THE DATA:
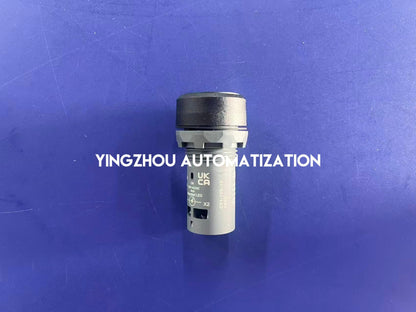 ABB CP1-13G-10 Pushbutton | Green Flush, Momentary, 1NO Contact, Compact Series, Industrial Control, Brand New Original-YingZhou Automatization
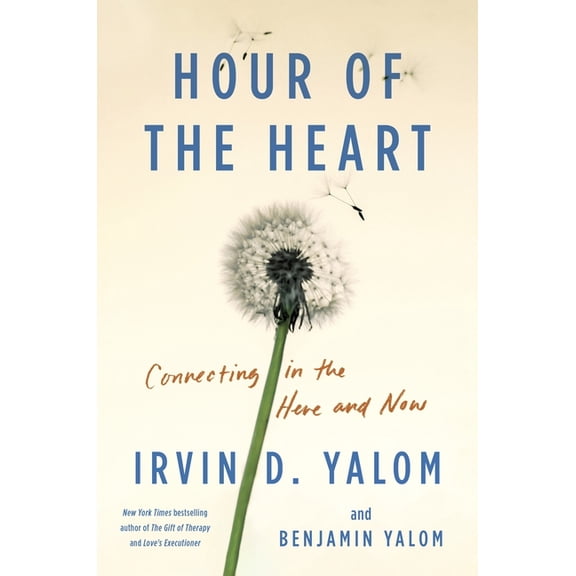 Hour of the Heart: Connecting in the Here and Now, (Hardcover)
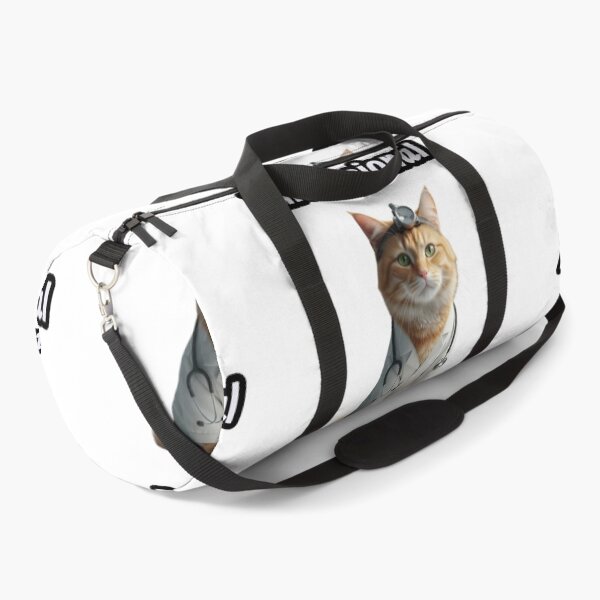 Item preview, Purrfessional doctor designed and sold by AnonimusDesigns.
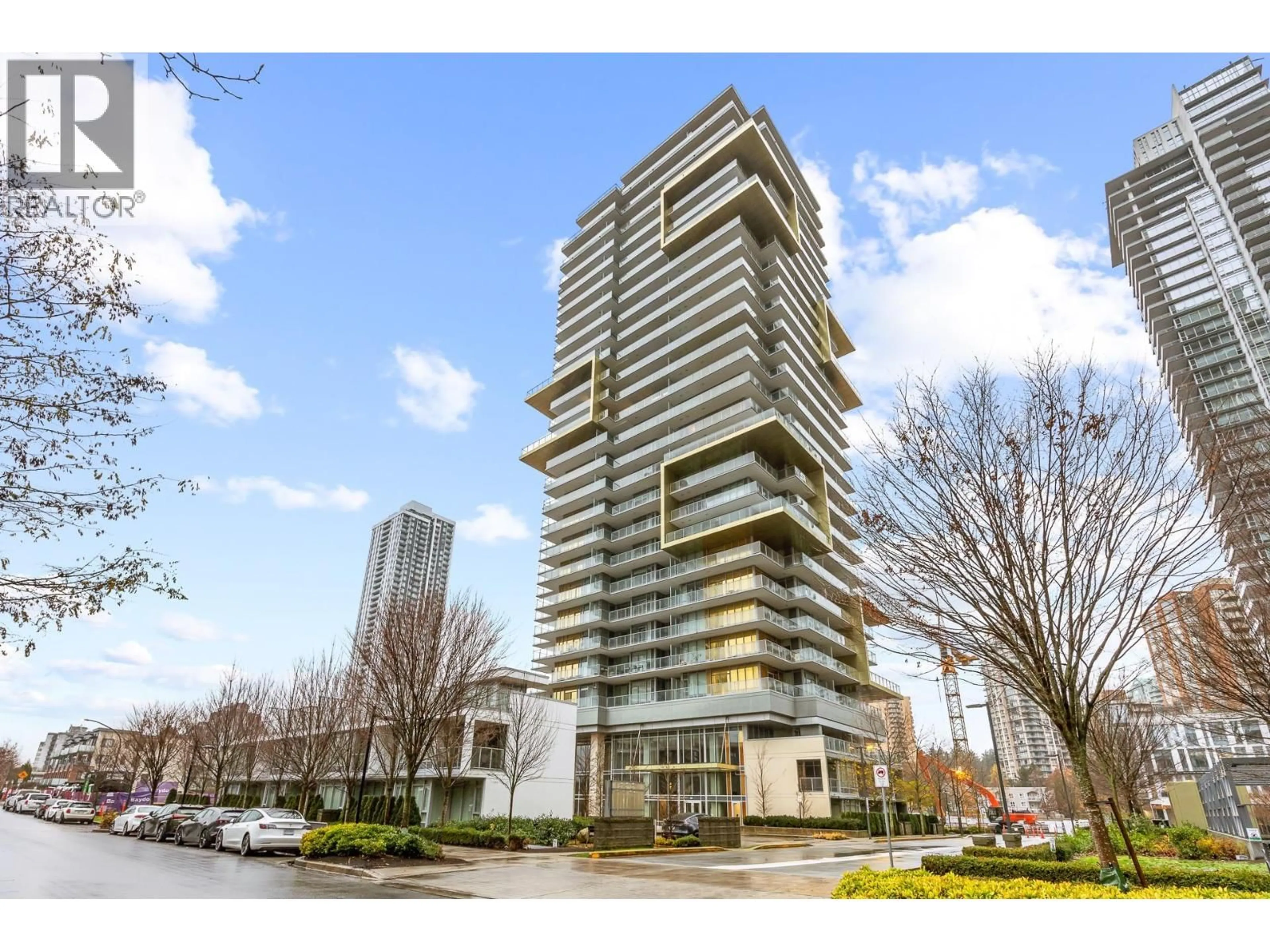 Indoor foyer for 2203 - 6288 CASSIE AVENUE, Burnaby British Columbia V5H0H7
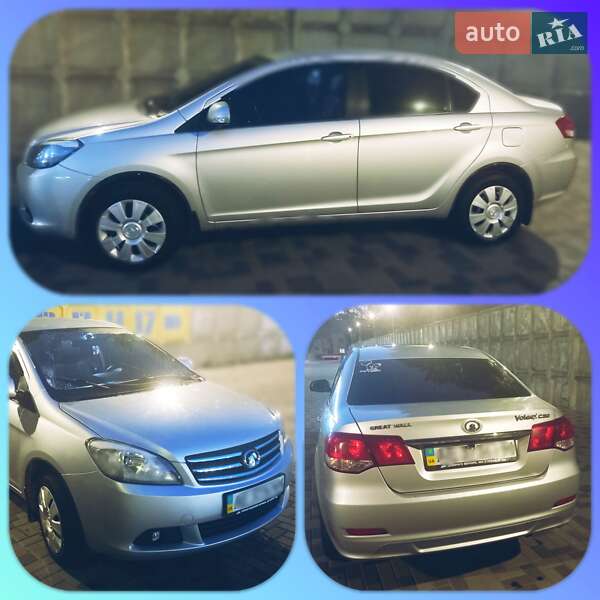 Седан Great Wall Voleex C30 2014 в Днепре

WHAT YOU HAVE TO DO: When you write out the material again, keep every word exact and omit the pictures.

TASK SOLUTION:
 ABB CP1-13G-10 Pushbutton | Green Flush, Momentary, 1NO Contact, Compact Series, Industrial Control, Brand New Original-YingZhou Automatization
 Hour of the Heart: Connecting in the Here and Now, (Hardcover)
 Item preview, Purrfessional doctor designed and sold by AnonimusDesigns.
 Indoor foyer for 2203 - 6288 CASSIE AVENUE, Burnaby British Columbia V5H0H7
 Седан Great Wall Voleex C30 2014 в Днепре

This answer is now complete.